The Pwn2Own Berlin 2026 hacking contest has concluded, with safety researchers gathering $1,298,250 in prize cash after exploiting 47 zero-day flaws.
The competitors was held on the OffensiveCon convention from Could 14th to Could sixteenth and centered on enterprise know-how and synthetic intelligence.
All through the competition, hackers focused absolutely patched merchandise throughout net browsers, enterprise purposes, native privilege escalation, servers, native inference, cloud-native/container environments, virtualization, and LLM classes.
Opponents used 24 zero-days on the primary day to gather $523,000 in prize cash, and on the second day they used 15 zero-days to gather an extra $385,750 in prize cash. On Day 3 of Pwn2Own, he received one other $389,500 in eight extra zero-days.

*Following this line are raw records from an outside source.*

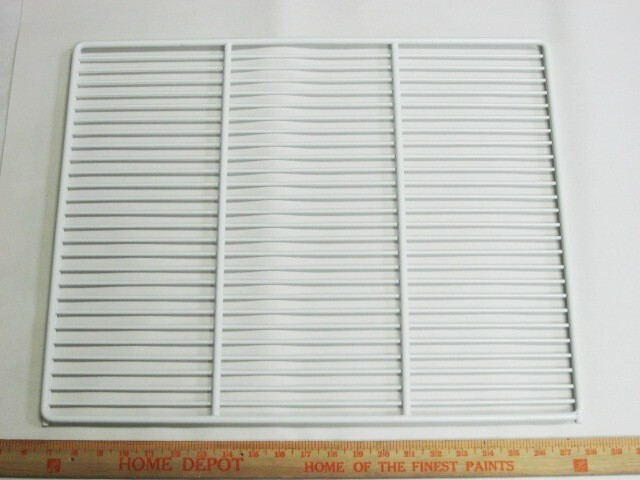 TRUE SHELF, GDM-33/35, 875374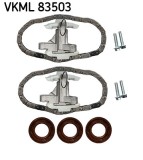 SKF VKML 83503 chit lant de distributie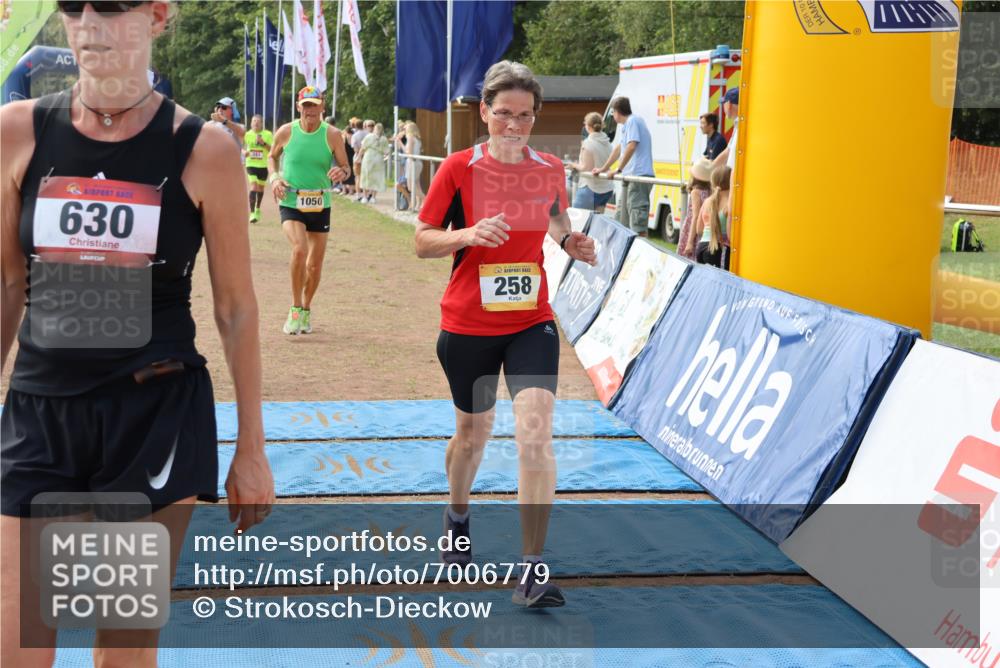08.09.2024 - Airport Race Strokosch-Dieckow http://msf.ph/oto/7006779 08.09.2024 12:35:03 Ziel 241, 258, 630, 733, 811, 966, 1002, 1050, 1148, 1265, 1388, 1419 meine-sportfotos.de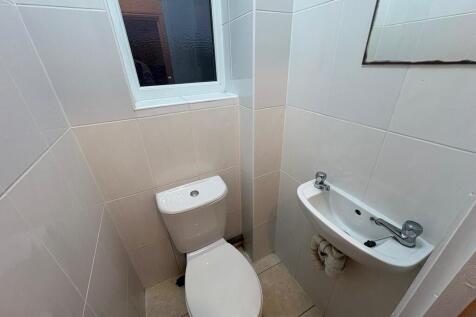 PHOTO-2025-11-27-...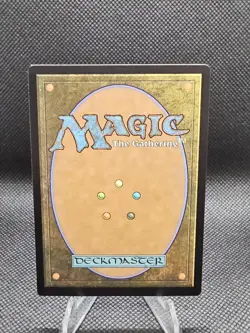 Great Furnace (Retro Frame) Commander: the Brothers' War Regular - Image 2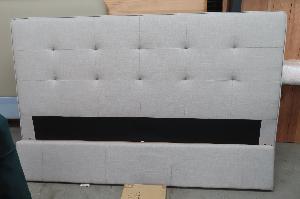 Lot 74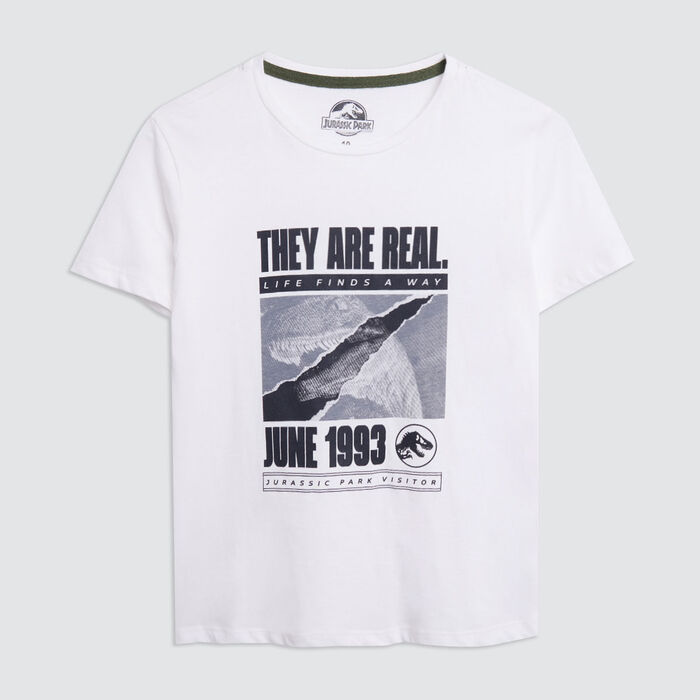 camisetas niño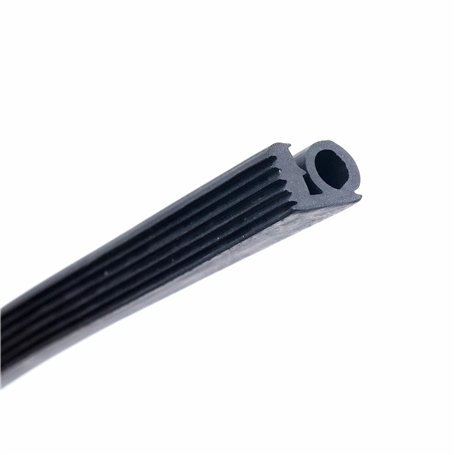 Distri+ - Joint de bas de porte compatible avec lave-vaisselle AEG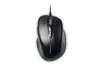 KENSINGTON PRO FIT FULL-SIZE EGÉR, BLACK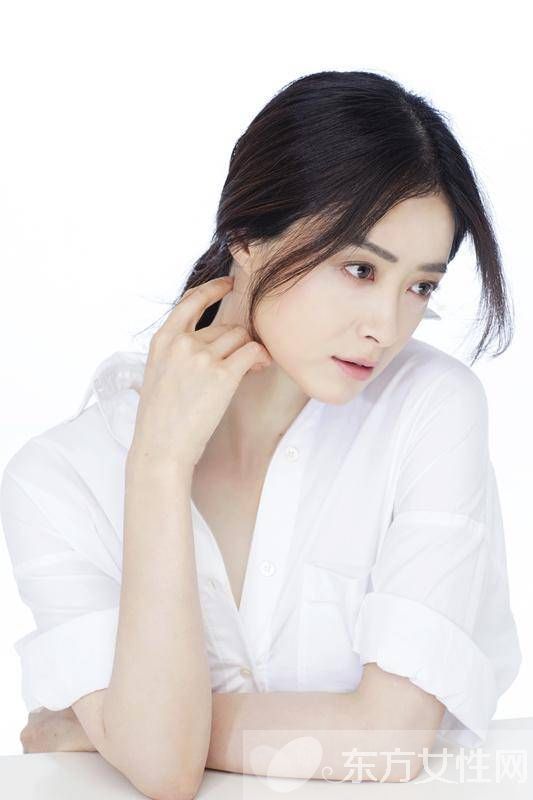 蒋欣个人资料 揭秘蒋欣叶祖新分手真实内幕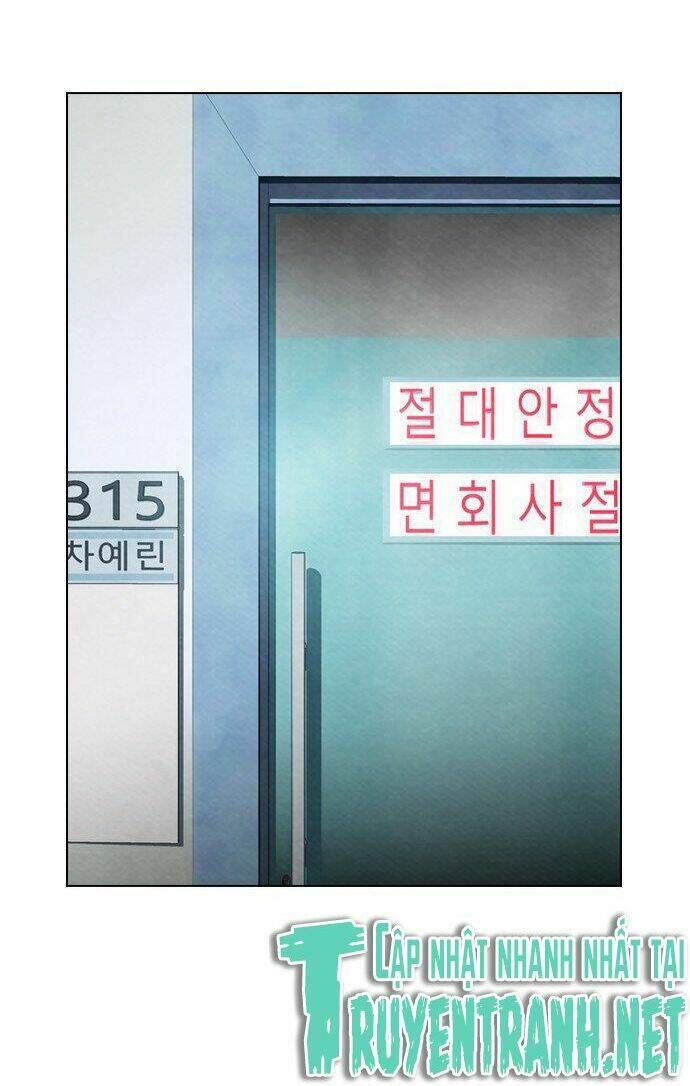 nạn nhân hồi sinh chapter 11 82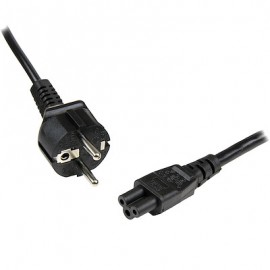 LAPTOP POWER CABLE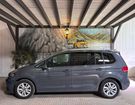 Volkswagen Touran 2.0 TDI 122 CV CONFORTLINE 7PL à Charentilly (37) Volkswagen Touran 2.0 TDI 122 CV CONFORTLINE 7PL à Charentilly (37)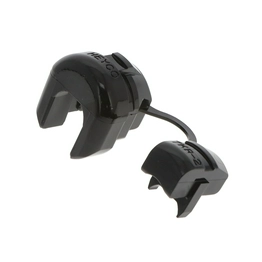 HEYCO 1271 image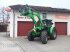 Traktor typu Deutz-Fahr 5125, Neumaschine w Abenberg (Zdjęcie 1)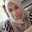 dayu novia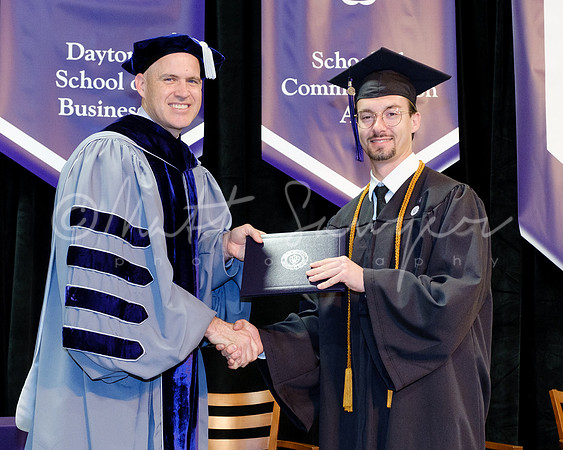 0641_sawyer_DSF1177
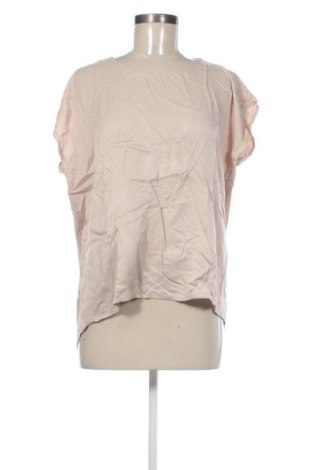 Damen Shirt More & More, Größe XL, Farbe Beige, Preis € 64,99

DEVCORE received this yr’s Pwn2Own Berlin by hacking Microsoft SharePoint, Microsoft Trade, Microsoft Edge, and Home windows 11, incomes 50.5 Grasp of Pwn factors and $505,000 in prize cash over a three-day competitors. It was adopted by STARLabs SG at $242,500 (25 factors) and Out Of Bounds at $95,750 (12.75 factors).
The highest prize within the contest, $200,000, went to Cheng-Da Tsai (aka Orange Tsai) of the DEVCORE analysis workforce, who chained collectively three bugs to achieve distant code execution with SYSTEM privileges in Microsoft Trade.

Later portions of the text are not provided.